One of the more challenging things about being a writer is that once you publish something, you can’t go back and correct it. So if you’re anything like me, you tend to stress over details, especially when you’re in the final stages of a manuscript. I start to question everything. Did I convey the setting accurately? Are my timelines right? What mistakes have I made in this book?
It’s a bit of a mind trap. There you are, with 70,000 plus words in front of you and you’re accountable for every single one of them. Talk about micro managing. So getting stressed out is natural. After all, no one (writer or otherwise) wants to be remembered for what they screwed up. The problem, however, is that you begin to focus not on what you’ve done right, but on what you may have done wrong. You take stock of your potential mistakes and not your achievements. And this can prevent you from appreciating what you’ve created. Which is a freaking novel. Or a short story. Or a poem. Or whatever it is you’ve written.
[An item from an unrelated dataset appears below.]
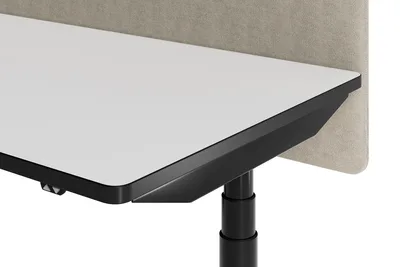 Embru eq twin table lite rounded weiss txtilpanel bedientaster close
I once heard that Persian rug makers leave a deliberate mistake in their rugs, the reason being that we, as humans, are imperfect by nature. When I was in the final edits of my last novel, Natural Order, I did the same. I left a deliberate mistake in the text. And while the mistake wasn’t an obvious one – I hope not, anyway – knowing it was there took a burden off my shoulders. My deliberate mistake made my other mistakes, the unintentional ones, forgivable. And while it’s important that writers try very, very hard to get things right, it’s more important to remember that we’re humans first and writers second.
If you’re in the final stages of your writing and stressing over perfection, go ahead and insert your deliberate mistake. Not only will it free you up, it will also give you permission to stand back and appreciate the tapestry you’ve created.